* YOUR TASK
The only thing to report is how many lines of the data contain the word "Girls".

* INPUT MATERIAL
*** Begin section ***
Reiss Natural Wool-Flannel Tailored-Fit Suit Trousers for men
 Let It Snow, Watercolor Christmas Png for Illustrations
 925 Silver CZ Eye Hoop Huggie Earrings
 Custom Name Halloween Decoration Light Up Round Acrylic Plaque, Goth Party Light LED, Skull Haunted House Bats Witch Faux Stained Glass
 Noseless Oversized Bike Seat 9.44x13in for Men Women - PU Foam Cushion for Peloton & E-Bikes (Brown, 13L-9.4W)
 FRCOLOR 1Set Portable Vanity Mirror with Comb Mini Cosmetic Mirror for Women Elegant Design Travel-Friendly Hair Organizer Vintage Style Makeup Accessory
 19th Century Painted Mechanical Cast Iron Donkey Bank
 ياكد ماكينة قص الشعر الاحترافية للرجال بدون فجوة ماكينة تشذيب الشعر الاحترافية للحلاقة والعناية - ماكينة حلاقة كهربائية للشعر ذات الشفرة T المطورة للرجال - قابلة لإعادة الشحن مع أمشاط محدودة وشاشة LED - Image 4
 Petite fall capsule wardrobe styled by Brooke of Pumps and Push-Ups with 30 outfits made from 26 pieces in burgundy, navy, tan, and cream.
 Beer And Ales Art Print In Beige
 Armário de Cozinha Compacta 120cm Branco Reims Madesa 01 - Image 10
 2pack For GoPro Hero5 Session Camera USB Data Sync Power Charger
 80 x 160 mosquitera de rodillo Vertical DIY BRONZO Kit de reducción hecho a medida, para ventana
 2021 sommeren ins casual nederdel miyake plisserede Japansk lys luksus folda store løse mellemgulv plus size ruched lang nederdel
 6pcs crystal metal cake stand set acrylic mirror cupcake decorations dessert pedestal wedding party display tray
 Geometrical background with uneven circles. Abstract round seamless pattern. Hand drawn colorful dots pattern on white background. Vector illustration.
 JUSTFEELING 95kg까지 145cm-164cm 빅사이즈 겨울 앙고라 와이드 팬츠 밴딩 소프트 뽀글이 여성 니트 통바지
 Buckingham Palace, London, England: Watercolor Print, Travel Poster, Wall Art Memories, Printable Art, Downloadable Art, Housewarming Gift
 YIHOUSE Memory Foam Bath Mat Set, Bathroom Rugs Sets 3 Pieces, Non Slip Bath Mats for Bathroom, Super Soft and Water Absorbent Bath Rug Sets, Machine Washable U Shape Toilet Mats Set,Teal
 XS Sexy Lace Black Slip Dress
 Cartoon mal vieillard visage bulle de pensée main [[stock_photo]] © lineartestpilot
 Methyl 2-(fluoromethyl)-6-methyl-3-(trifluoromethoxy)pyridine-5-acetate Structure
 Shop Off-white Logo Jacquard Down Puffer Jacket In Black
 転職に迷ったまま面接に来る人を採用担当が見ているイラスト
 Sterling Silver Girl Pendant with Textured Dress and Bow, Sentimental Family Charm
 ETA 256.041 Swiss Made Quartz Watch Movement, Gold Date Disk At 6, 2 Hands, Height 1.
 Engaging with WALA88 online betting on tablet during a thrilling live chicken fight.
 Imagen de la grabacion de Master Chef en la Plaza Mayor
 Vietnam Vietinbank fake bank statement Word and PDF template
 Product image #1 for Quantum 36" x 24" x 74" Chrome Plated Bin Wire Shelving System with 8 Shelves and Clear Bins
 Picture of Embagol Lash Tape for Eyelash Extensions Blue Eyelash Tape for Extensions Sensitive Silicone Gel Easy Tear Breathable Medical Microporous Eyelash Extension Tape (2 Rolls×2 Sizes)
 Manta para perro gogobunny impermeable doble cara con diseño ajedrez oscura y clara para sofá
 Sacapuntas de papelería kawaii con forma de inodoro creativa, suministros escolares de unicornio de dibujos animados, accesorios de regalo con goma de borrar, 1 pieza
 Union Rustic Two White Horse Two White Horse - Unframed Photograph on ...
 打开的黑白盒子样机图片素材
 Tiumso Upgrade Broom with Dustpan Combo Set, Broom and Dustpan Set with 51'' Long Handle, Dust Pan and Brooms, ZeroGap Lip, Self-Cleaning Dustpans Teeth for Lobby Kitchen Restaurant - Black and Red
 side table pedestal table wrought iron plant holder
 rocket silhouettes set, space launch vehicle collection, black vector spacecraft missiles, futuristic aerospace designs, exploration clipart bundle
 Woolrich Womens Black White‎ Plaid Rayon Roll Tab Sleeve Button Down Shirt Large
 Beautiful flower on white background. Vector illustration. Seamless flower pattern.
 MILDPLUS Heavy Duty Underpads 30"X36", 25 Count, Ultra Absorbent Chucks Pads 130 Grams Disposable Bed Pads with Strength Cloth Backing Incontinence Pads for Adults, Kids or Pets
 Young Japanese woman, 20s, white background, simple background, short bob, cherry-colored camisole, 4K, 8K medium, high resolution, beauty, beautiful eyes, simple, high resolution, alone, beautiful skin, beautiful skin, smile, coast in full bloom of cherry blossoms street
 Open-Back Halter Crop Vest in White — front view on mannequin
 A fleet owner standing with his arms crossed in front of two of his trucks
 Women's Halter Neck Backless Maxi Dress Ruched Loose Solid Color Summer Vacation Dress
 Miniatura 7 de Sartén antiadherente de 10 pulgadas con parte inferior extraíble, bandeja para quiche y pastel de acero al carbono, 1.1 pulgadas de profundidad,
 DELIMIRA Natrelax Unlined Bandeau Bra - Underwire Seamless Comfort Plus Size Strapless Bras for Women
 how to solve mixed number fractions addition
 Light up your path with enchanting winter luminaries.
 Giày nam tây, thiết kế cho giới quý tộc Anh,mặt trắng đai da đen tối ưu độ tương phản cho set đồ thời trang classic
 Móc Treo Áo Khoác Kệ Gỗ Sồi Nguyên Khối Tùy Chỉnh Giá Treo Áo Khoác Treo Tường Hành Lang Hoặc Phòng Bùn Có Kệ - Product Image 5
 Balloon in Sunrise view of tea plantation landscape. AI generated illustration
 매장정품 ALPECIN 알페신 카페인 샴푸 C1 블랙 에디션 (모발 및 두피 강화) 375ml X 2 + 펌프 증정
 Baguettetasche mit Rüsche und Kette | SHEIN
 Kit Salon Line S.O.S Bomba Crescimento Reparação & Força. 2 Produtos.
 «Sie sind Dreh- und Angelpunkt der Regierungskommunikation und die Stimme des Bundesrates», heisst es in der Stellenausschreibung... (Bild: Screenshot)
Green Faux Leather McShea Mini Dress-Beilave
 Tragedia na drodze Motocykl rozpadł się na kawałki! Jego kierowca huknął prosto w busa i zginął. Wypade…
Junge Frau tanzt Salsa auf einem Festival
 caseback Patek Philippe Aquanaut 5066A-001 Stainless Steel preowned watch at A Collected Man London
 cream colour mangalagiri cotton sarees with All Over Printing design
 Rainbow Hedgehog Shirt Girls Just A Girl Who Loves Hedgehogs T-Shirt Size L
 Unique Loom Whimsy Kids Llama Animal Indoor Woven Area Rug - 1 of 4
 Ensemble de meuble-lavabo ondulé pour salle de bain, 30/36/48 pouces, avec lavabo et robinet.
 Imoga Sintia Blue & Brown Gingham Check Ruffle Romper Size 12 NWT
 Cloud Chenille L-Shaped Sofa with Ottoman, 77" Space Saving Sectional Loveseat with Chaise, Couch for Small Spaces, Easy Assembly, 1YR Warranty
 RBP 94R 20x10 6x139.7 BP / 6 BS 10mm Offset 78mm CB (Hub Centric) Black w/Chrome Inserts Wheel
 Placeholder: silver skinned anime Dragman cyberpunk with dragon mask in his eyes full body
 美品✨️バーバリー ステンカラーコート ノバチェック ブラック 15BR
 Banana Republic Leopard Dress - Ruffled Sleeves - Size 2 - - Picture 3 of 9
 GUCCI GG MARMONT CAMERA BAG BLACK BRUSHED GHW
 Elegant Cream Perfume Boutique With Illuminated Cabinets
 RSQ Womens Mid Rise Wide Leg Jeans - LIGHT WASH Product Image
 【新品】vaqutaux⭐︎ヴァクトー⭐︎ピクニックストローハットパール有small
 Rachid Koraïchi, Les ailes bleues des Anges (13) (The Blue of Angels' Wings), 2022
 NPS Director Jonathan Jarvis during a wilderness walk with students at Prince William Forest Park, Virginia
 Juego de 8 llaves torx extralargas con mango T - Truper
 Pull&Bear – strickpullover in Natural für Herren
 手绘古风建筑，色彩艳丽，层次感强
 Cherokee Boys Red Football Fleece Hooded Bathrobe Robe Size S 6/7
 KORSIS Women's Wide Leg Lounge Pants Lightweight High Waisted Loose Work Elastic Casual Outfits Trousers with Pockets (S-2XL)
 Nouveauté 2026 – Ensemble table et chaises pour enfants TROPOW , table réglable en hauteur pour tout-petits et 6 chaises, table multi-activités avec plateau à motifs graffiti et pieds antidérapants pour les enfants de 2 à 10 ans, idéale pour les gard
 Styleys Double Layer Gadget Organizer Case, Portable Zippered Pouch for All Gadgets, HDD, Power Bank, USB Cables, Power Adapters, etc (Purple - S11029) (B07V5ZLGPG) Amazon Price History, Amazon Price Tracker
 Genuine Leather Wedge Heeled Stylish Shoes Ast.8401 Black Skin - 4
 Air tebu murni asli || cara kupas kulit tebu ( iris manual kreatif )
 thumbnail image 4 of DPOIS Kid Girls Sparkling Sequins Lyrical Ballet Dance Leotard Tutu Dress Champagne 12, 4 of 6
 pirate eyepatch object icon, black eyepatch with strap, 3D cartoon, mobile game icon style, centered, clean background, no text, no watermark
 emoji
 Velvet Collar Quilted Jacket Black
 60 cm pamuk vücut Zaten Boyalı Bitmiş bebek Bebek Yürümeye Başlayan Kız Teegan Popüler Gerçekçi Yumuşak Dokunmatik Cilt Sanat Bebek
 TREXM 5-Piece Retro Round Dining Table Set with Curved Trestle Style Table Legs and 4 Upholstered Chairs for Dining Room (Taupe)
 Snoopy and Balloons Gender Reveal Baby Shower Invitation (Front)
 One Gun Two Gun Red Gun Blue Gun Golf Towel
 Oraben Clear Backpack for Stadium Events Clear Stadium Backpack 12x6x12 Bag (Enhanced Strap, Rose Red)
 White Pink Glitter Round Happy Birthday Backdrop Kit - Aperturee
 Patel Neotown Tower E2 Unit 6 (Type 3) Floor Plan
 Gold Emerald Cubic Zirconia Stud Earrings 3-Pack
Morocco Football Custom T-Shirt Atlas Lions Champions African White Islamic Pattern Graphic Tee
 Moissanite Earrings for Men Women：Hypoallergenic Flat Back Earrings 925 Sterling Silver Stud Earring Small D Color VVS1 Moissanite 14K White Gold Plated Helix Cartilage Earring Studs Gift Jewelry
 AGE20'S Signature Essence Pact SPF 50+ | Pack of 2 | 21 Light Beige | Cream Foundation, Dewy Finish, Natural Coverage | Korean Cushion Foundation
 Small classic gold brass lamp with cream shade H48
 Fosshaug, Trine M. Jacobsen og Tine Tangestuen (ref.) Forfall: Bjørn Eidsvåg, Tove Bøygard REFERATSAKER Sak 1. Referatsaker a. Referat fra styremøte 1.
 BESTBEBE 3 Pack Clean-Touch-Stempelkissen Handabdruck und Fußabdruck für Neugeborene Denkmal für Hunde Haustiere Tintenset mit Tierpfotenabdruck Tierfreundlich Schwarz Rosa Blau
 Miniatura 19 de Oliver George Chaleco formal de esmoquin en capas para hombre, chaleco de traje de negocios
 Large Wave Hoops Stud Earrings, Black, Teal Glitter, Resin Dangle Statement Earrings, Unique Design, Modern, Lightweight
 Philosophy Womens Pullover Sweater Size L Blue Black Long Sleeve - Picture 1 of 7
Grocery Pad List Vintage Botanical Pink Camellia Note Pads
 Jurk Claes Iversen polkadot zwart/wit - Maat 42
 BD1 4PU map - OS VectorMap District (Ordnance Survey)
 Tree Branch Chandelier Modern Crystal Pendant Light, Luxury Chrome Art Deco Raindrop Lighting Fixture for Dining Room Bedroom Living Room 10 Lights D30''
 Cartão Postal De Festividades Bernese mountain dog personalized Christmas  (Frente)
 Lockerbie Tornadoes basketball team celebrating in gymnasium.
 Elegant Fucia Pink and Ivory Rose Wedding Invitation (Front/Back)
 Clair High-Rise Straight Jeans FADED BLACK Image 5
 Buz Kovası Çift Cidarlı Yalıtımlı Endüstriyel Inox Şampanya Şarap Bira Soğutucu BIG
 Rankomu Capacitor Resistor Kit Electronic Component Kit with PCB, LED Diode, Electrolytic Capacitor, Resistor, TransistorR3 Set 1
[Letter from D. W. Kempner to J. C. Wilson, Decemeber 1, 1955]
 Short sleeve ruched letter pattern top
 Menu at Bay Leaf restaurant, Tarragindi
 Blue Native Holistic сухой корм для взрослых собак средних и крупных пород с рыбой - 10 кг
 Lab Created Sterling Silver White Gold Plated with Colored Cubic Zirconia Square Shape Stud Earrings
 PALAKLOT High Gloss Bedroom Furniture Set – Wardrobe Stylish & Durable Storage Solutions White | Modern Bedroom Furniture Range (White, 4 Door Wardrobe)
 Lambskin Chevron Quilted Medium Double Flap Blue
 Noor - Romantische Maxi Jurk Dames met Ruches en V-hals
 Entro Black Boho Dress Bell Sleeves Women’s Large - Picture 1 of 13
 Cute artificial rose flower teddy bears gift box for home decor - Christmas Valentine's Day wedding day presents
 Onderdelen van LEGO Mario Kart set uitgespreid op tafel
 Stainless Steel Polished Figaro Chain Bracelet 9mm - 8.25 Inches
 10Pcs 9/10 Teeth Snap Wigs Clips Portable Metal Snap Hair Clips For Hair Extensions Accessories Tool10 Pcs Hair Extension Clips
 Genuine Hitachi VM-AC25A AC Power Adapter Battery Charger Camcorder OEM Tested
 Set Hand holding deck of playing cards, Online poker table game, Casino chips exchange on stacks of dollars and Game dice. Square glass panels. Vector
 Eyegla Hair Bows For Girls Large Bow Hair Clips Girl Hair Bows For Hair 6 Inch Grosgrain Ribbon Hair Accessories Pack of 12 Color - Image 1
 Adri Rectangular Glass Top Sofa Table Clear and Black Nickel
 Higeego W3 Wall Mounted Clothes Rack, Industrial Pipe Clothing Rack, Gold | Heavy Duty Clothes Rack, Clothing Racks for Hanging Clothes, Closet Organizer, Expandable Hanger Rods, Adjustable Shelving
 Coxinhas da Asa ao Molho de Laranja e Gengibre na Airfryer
*** End section ***
* RESULT FOR THIS EXERCISE
3